Have a good field guide with you as you sit and watch the birds feeding. Birdwatching becomes more fulfilling as you gain expertise. Follow these tips to find out just what you need to do!
But… birdwatching is all about listening.
Table of Contents
Bird Investigation Department
The first step to success is doing… nothing. Be still and wait. Observe the environment, being particularly aware of movement and activity around trees and brush. This is crucial to locating the birds. You need to be very “present.” You are a tracker, aware of your “now.” Listen for leaves moving and branches twitching, watch for moving tree limbs, note any movement in your peripheral vision – you are now a BSI – bird scene investigator.

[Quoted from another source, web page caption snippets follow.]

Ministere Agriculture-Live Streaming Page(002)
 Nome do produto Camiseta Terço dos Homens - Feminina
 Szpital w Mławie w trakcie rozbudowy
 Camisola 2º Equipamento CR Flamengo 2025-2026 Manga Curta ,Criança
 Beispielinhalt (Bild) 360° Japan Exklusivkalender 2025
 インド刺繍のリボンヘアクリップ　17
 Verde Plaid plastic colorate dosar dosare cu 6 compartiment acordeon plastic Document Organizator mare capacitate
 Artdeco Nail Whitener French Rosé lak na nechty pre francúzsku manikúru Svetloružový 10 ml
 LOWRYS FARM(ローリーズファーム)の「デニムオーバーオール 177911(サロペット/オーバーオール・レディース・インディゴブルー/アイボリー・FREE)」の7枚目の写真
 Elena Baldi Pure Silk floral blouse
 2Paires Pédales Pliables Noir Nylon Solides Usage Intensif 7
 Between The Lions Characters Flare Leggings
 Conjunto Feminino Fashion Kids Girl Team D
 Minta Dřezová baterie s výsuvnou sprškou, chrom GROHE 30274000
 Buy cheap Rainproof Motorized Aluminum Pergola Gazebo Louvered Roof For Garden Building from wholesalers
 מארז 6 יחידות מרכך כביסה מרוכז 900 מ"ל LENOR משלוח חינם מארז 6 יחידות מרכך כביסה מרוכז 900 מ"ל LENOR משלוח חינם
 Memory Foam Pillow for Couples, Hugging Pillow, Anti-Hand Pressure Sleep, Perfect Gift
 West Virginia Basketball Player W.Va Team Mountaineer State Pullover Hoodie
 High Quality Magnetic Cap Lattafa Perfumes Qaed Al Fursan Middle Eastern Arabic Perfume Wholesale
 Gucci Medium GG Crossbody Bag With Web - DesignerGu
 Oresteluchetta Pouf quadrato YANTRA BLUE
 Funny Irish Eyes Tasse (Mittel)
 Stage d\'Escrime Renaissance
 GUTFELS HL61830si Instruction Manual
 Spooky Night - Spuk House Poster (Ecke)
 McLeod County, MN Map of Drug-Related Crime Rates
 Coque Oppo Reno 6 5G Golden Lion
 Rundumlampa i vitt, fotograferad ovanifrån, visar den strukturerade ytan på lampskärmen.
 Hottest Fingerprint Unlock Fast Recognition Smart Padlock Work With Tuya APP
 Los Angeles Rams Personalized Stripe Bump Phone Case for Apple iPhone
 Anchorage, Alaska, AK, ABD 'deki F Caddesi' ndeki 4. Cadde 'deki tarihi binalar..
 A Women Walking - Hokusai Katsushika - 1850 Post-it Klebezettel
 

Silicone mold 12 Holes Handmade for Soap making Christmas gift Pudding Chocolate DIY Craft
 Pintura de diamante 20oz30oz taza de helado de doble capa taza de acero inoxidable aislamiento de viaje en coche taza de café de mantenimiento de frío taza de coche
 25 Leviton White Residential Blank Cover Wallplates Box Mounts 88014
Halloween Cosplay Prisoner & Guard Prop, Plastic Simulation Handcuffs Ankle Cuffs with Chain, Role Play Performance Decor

Sherlock Holmes was right. “The world is full of obvious things which nobody by any chance ever observes.” Once you view yourself as an integral element of nature, the “loudness” of what is happening around you becomes readily noticeable. You will hear birds before you see them. Songbirds are master vocalists. Enjoy the song of the Wood Thrush below.
Ornithologists use bird songs as their primary bird identification tool, and as the most efficient way to record populations. Do what the ornithologists do, focus on one call and notice the uniqueness of its volume, pitch, rhythm, tone and notes.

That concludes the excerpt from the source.